Wednesday, July 26, 2017
In these past several days, I've been texted and called by caring strangers who have seen Mickey and described behaviors that I know to be hers. This morning's call was different. A woman called to say that she had seen Mickey near the Arby's on Aramingo which is reasonable. That's her typical path.
And so we sit on the sidelines and wait... and pray...
Mickey has a black eye and a bruised face! She's somewhere in the vicinity of Aramingo and Huntington, Lehigh, B Street and The Tracks. Her path may be widening and so keep looking.
Don't look for a pathetic panhandler! Don't look for an addict! Don't look for a loser! Look for Mickey (or Kim)! Look for that young woman who could be your daughter, granddaughter, niece or neighbor!
When you find her, remember, she's a feral kitten who needs to be gently guided to a safer life. And please call me...
Monday, July 24, 2017
Saturday, July 22, 2017
This is my first attempt at voice texting a Blog. I hope the words on the screen will be the words that I said. I will do my best to review the written content.

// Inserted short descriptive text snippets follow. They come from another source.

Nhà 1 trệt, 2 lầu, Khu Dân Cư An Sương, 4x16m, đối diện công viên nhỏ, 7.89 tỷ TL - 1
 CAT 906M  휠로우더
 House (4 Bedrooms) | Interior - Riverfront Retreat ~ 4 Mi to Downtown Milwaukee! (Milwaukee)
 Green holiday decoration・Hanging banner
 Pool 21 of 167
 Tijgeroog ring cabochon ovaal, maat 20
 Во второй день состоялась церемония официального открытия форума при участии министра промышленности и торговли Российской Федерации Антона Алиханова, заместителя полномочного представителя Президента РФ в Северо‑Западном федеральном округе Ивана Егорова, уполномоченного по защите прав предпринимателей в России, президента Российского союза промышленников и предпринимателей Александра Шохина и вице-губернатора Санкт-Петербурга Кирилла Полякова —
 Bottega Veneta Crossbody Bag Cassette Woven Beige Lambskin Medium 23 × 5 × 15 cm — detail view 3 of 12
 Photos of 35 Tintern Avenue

I went into Philadelphia today and up to my now favorite Wawa store on Aramingo Avenue. Almost immediately I found Mike. Mike is approximately my age, maybe a little bit older. As I've already told you he's a professional welder and according to his own testimony rather skilled in various forms of home and building construction. We started chatting for a while in my car and he volunteered some interesting information. Prior to being homeless he was living with his adult daughter and her family in Garnet Valley Pennsylvania.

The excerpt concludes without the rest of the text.